> ACTIVITY
Make an exact copy of all the entries below, with the pictures left out.

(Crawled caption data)

□ □ □

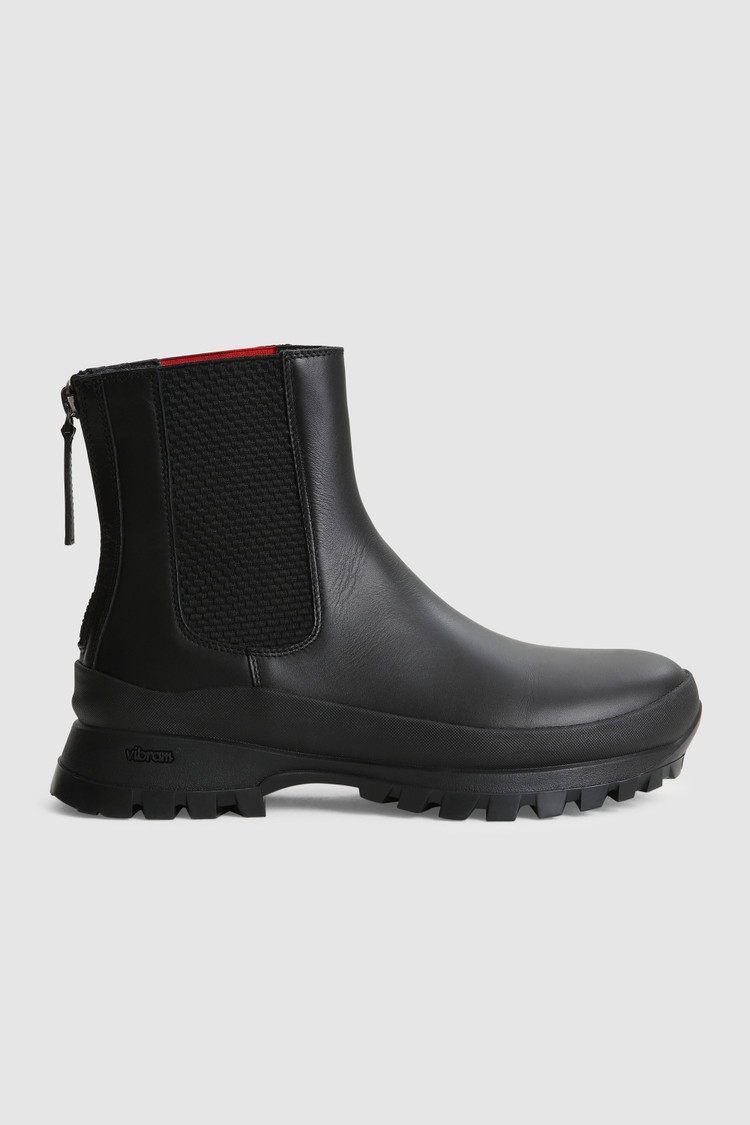 Chelsea wandelschoenen van mat leer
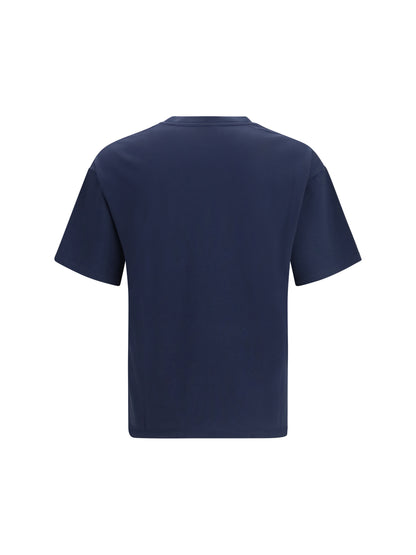 Saint Laurent Cotton crewneck T-Shirt - Navy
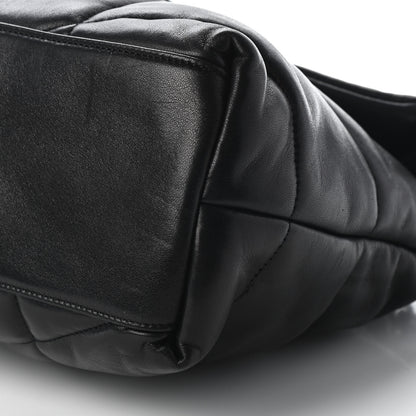 Saint Laurent Lambskin Quilted Medium Loulou Puffer Monogram Chain Satchel Black 8 of 8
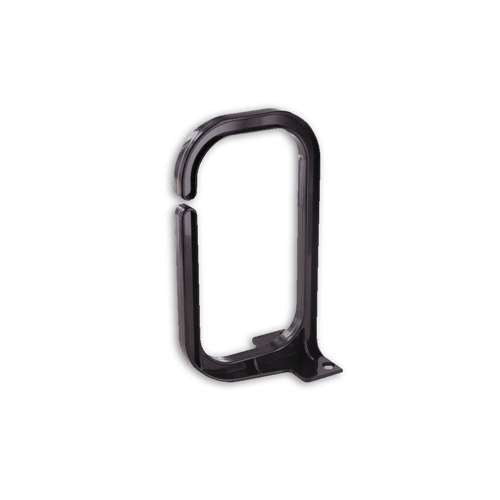 VERTICAL D-RING CABLE MANAGER, 70 CABLES, 1U, BLACK (questm_VD-00-070)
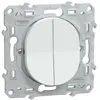 Image de Mécanisme combiné va et vient et poussoir OVALIS 10 AX blanc SCHNEIDER ELECTRIC S320285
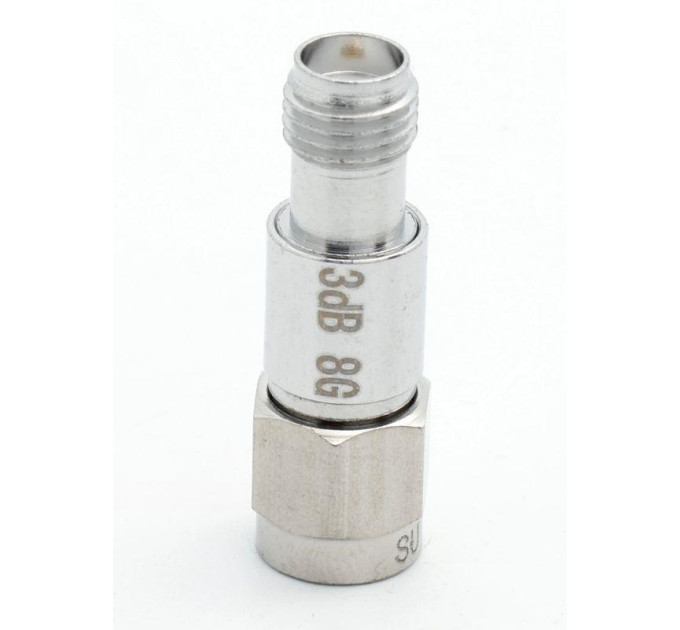 Аттенюатор 2Вт, 8ГГц, 3дБ, SMA(m)- SMA(f)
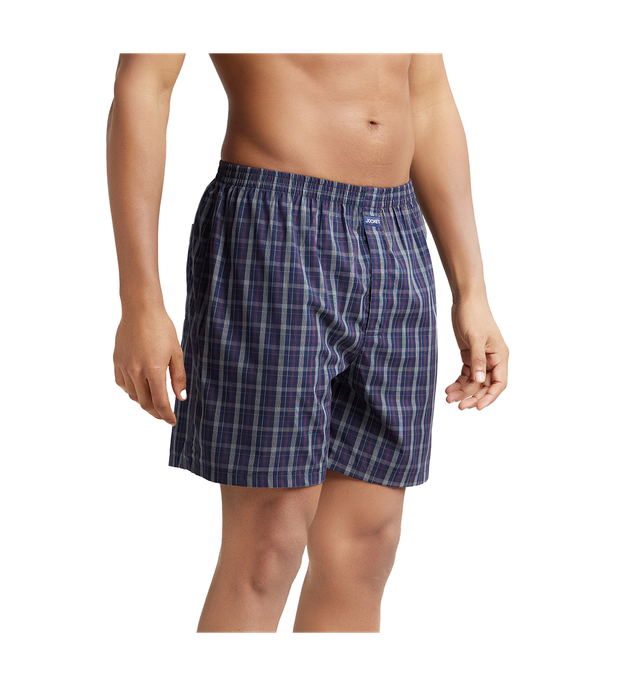 Buy Jockey 1222 Men s Super Combed Mercerized Cotton Woven Checks Boxer Shorts 1 piece at 479 Instant Online Delivery Zepto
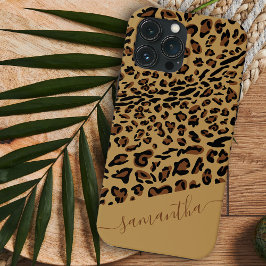 Leopard Print Brown Black Elegante Name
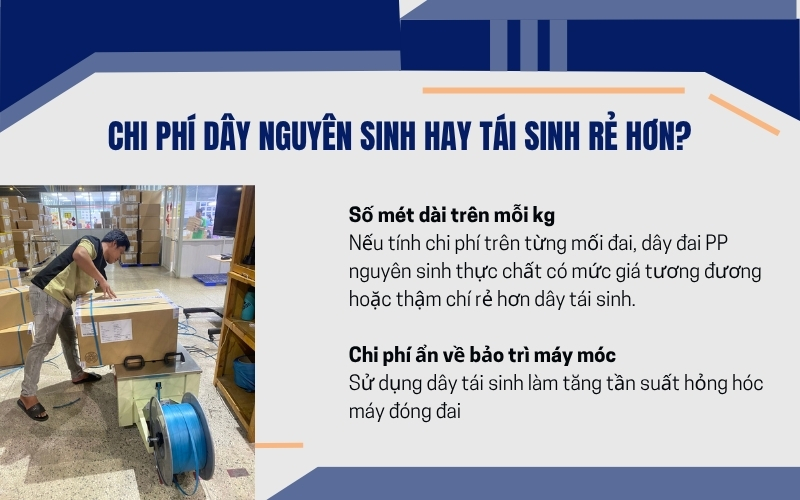 Chi phí dây nguyên sinh hay tái sinh rẻ hơn?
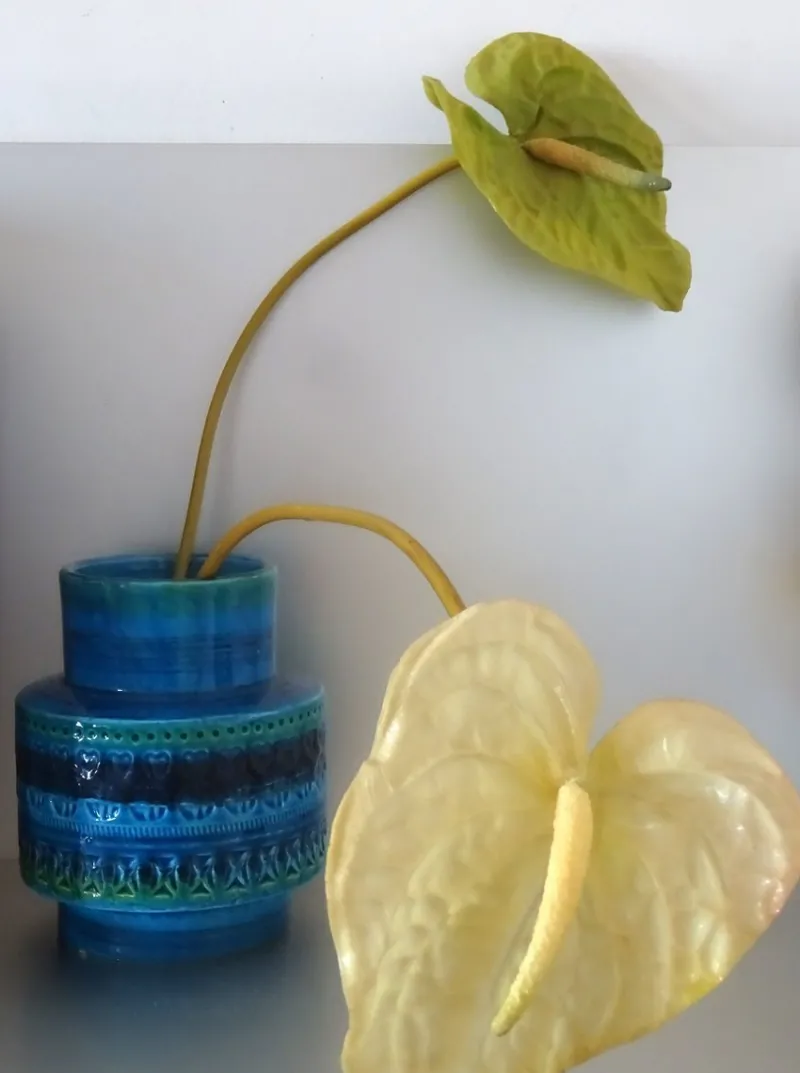 Pamono Rimini Blue Vase from Bitossi, 1960s> Vases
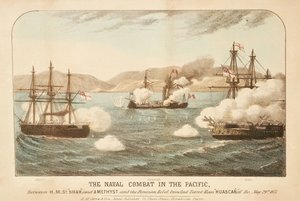 Das Seegefecht im Pazifik zwischen HMS 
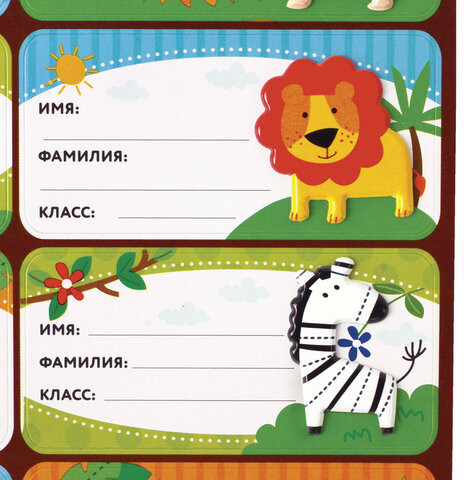 Наклейки школьные универсальные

□ □ □

> SOLUTION TO THIS PROBLEM
 Chelsea wandelschoenen van mat leer
 Saint Laurent Cotton crewneck T-Shirt - Navy
 Saint Laurent Lambskin Quilted Medium Loulou Puffer Monogram Chain Satchel Black 8 of 8
 VERTICAL D-RING CABLE MANAGER, 70 CABLES, 1U, BLACK (questm_VD-00-070)
 Image de Mécanisme combiné va et vient et poussoir OVALIS 10 AX blanc SCHNEIDER ELECTRIC S320285
 Аттенюатор 2Вт, 8ГГц, 3дБ, SMA(m)- SMA(f)
 Buy Jockey 1222 Men s Super Combed Mercerized Cotton Woven Checks Boxer Shorts 1 piece at 479 Instant Online Delivery Zepto
 Leopard Print Brown Black Elegante Name
 Chi phí dây nguyên sinh hay tái sinh rẻ hơn?
 Pamono Rimini Blue Vase from Bitossi, 1960s> Vases
 Das Seegefecht im Pazifik zwischen HMS 
 Наклейки школьные универсальные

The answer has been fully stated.